Demirin kimyasal simgesi olan Fe, latince “demir” anlamına gelen ferrum’ dan türetilmiştir. Demirin atom numarası 26, atom ağırlığı 55,85 ve özgül ağırlığı 7,86’ dır.
Demir, küçük iğnelerden dev yapılara kadar, binlerce işlenmiş ürünün ana maddesidir. Kükürt ve oksijen gibi metallerle kolayca birleşir. Başka herhangi bir metalden çok daha büyük miktarlarda, alaşımlarda kullanılır. En yararlı ve ucuz metallerden biri olan çelik, demire küçük bir miktar karbon katılmasıyla elde edilir.
Topaz, turkuvaz ve lal taşı dahil, çeşitli değerli taşların kapsamında deri vardır.

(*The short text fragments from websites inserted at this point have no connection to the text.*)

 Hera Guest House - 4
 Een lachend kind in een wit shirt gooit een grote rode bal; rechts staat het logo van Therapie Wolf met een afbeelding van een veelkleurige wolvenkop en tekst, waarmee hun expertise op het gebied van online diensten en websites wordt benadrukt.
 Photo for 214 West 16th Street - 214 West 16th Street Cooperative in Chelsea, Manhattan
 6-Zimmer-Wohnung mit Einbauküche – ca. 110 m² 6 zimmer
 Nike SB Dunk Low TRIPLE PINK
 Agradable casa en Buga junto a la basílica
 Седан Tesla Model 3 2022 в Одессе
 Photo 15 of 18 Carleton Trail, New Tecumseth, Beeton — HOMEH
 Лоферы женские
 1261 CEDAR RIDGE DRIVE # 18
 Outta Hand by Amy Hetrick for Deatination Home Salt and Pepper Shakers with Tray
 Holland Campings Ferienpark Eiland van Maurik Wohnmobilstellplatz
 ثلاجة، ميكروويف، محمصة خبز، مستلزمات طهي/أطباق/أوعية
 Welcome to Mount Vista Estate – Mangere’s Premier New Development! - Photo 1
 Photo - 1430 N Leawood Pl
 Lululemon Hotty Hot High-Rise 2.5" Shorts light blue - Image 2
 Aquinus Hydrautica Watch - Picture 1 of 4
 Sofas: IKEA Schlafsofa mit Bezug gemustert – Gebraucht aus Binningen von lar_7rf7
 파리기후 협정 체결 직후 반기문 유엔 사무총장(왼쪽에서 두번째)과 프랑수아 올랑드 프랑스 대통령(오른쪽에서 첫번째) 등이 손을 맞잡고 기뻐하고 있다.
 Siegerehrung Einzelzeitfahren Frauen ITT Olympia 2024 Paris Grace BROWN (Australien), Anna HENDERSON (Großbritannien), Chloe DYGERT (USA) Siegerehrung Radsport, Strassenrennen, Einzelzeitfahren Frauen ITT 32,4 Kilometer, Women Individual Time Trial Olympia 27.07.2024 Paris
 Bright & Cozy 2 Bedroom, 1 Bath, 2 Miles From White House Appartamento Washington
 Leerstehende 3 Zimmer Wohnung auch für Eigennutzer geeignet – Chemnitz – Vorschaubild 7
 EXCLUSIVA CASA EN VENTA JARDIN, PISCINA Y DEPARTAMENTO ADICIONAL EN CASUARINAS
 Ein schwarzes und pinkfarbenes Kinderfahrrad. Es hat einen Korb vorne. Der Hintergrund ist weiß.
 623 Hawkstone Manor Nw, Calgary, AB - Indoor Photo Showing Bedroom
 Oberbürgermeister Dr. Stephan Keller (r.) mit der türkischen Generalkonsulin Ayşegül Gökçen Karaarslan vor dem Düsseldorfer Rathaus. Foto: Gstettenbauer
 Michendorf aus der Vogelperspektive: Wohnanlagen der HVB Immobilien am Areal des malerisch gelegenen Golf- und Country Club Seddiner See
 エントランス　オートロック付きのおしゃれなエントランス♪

DEMİR FİLİZLERİ Demir, yer kabuğunda büyük miktarlarda bulunan birçok yükseltgenmiş minerallerden ergitilir. Bu mineraller arasında hematit, magnetit, limonit ve karbonat sideriti sayabiliriz.
Hematit (Fe2O3), yüzde 70 demir, yüzde 30 oksijen kapsayan bir filizdir. Adı, kan kırmızısı renginden ötürü yunanca “kan” sözcüğünden türetilmiştir. Hematit, bazen eşkenar paralel yüzlü biçiminde, bazen bir gül yapraklarına benzeyen ince tabakalar halinde, bazen de boya maddesi olarak kullanılan ve topraklı kırmızı bakır filizi diye adlandırılan bir toz halinde bulunur.
Magnetit (Fe3O4), adını magnetit özelliklerinden alan ve yüzde 72 demir kapsayan en zengin demir filizidir. Eşkenar paralel yüzlü ve sekiz yüzlü sistemlerde billurlaşır. Magnetit su ve çözelti halindeki gazların kimyasal olarak aşındırmaya uğrattığı olivin ve biyotit gibi kayaların değişiminden de oluşur.
Limonit filizi, dünya demir üretiminde oldukça önemli bir yüzde oluşturur. Her bir limonit örneğinde ki demir yüzdesi, bulunan su molekülleri sayısına bağlıdır. Öteki demir filizlerinin değişimiyle oluşan limonit çoğunlukla demirli su çözeltileri yataklarındadır. Demir bakterisi adıyla bilinen küçük organizmaların hareketi de büyük miktarlarda limonit yatakları oluşumuna yol açmaktadır. Avrupa’ daki en büyük yataklar olan Alsace-Lorraine yatakları böyle oluşmuştur.
Siderit, FeCO3 formülüyle gösterilen ve yüzde 43 demir kapsayan bir demir II karbonattır. Billurları eşkenar paralel yüzlüdür. Siderit değişimi uğramadığı sürece beyazdır; ama yükseltgenliğinde (oksitlendiğinde), rengi sarı ile ya da kahverengiyle dönüşür. Siderit, çeşitli türlerde tortul kayalarda birleşme ya da kayaların kimyasal değişmeleri sonucu oluşur.
Mika, formülü FeO(OH) olan bir demir hidroksittir. Limonit ile birlikte bulunur. İğne biçiminde billurlar ya da tabakalar halinde rastlanır.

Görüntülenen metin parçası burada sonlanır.